A frase «não há quem queira trabalhar» repete-se por todo o nosso país como um “mantra” que não necessita de reflexão. Sobretudo quando estamos em vésperas de eleições e que servem como slogan de alguns partidos.
Há fábricas que necessitam de operários na linha de montagem; há restaurantes e hotéis com falta de pessoal; há empresas de call center que andam desesperadas à procura de quem queira trabalhar e há empresas de limpezas que não encontram trabalhadoras.
Pedro Ferraz da Costa, presidente do Fórum para a Competitividade, afirmou que “qualquer empresa que queira contratar pessoas não consegue”, concluindo, de seguida, que “os portugueses não querem trabalhar”. Não sendo essa a opinião dos países que acolhem os trabalhadores portugueses, mas vamos aos dados em Portugal para que possamos entender é verdade que os portugueses não querem trabalhar.
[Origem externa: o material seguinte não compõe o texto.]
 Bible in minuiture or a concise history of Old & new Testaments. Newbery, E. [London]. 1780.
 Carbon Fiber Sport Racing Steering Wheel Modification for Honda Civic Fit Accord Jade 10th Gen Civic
Quarenta e três vírgula quatro por cento (43,4%)dos trabalhadores por conta de outrem auferem remuneração base (a 30 dias) pouco acima do salário mínimo nacional. Estamos a falar de quase metade da população que trabalha em Portugal num total de 1.745.541 trabalhadores com ordenado igual ou inferior ao ordenado mínimo de acordo com os últimos dados de "Gestão de Remunerações" da Segurança Social.
Também segundo a associação Portuguesa de Contact Centers afirma que o trabalho de “call center” ocupa mais de 80000 empregos diretos e um volume de negócios anual superior a 1000 Milhões de euros. Os diversos “call centre”, geográficamente ocupam o litoral, mas também em zonas interiores como Viseu, Covilhã ou Portalegre - a média de ordenado ganha pouco mais do que o ordenado mínimo.
Na realidade é mais barato contratar em Portugal e por isso o nosso país é cada vez mais um agregador de “call center” de várias marcas internacionais, pois é fácil encontrar falantes de inglês, sem lhes pagar a remuneração justa.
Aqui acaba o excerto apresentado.